Is the United States ready for a female president? This query alone contains multitudes… The answer to this question, at face value, is, yes. We have the infrastructure in place to elect any person to the executive office so long as they are a natural-born citizen, at least 35 years of age, that has lived in the US for over 14 years, and who has legitimately participated in an election won via the support of 270 electoral votes.
So yes, technically the United States is ready, or more appropriately, able, to award the presidency to any candidate who fulfills such requirements. The better question is, just because theoretically this could happen, is it feasible, or likely to happen soon? This is why the answer we feel more compelled to give, is “no”. What prevents us from having faith in a woman’s ability to achieve this title, is that a woman, when entering the political arena, faces challenges unmatched by her male counterparts. A female candidate’s ascent towards the office of presidency looks more like an obstacle course– where even the slightest unaccounted-for misstep can throw off progress incalculably– rather than a steep hill, that can simply be overcome through effort or dollars.
This is not just an analogy for analogy’s sake, but an attempt to illustrate how the matrices of power that a female candidate must navigate are inherently more complex than those of a male candidate because just by being a woman, a person is subject to more opportunities for oppression, suppression, and judgment. It is worthy to note that similar qualities of a person that would also complicate their ascent to power and force them to encounter more difficult navigation through “the powers that be '' are their race, religion, or sexuality. Some candidates are forced to endure even greater obstacles as their identity is formed around belonging to more than one of the groups oppressed by systems of patriarchy, white supremacy, and lingering puritanical conceptions of sexuality. This theoretical framework for illustrating the ways in which multiple systems of power dynamics intersect is aptly called intersectionality and it was coined by the professor, lawyer, and critical race theorist Kimberlé Crenshaw.

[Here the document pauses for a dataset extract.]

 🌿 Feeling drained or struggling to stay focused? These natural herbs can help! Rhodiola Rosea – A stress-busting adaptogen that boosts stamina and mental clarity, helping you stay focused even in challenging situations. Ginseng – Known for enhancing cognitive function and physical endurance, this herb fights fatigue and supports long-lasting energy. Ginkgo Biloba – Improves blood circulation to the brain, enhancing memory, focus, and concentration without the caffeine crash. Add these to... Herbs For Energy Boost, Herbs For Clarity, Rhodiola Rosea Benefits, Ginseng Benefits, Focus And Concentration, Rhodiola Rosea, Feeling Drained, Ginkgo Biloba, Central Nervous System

Intersectionality is central to the topic of women in politics because without acknowledging it, we are forced into the problematic throws of tokenism and monolithic thinking. Demonstrative of what happens when intersectionality is left out of politics is the case of Hillary Clinton. For the sake of the argument, putting independent candidates aside, Clinton was the only female candidate running for president in 2016. Harping on this, it was easy for her campaign to adopt the slogan, “I’m with her.” The only “her” it could be referencing was Clinton, plain and simple. However, this implicit association between her/female/woman and Clinton is not neutral.

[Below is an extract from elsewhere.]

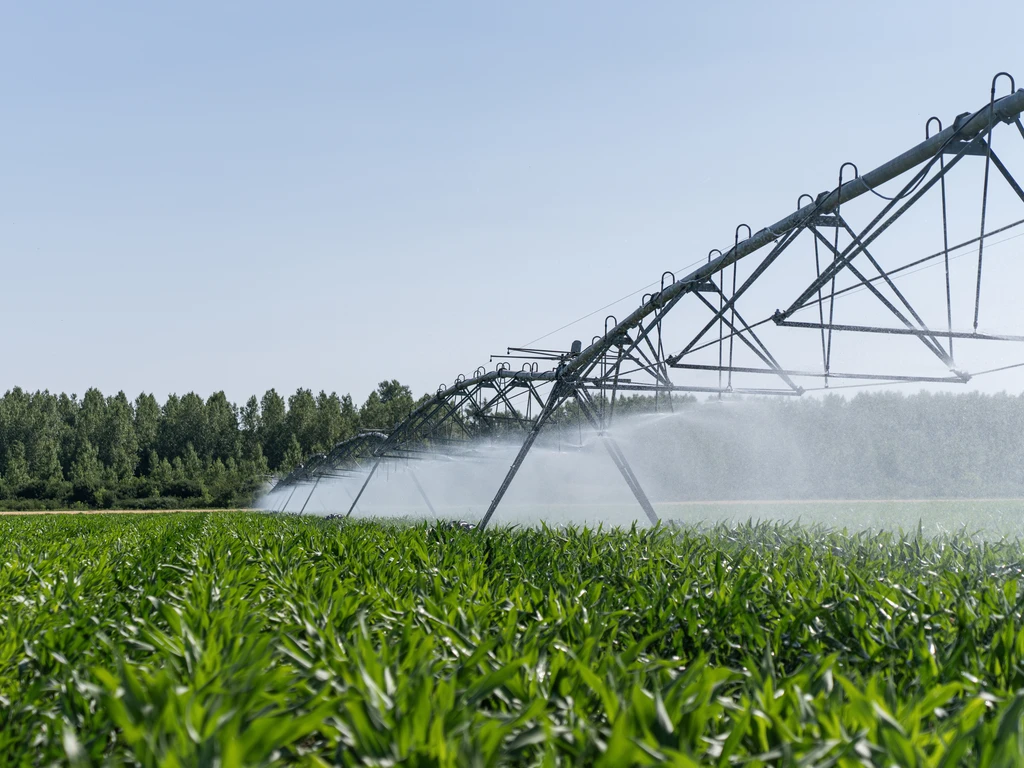 Pivô central de irrigação em funcionamento sobre plantação, com jatos de água visíveis contra o céu.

Hillary Clinton is a white, wealthy, cisgender, Christian, straight woman. She alone cannot represent all women. Equating Hillary with being representative of all womanhood is over simplistic and harmful. This is why it’s ridiculous to insinuate, as many critics did, that women would vote for Hillary just because she was, too, a woman. Many people who identify as women, due to other elements of their identity formation and personal politics could see any other candidate as being in a better position to protect their ideals and better represent them, perhaps an explanation for the appeal of Bernie Sanders.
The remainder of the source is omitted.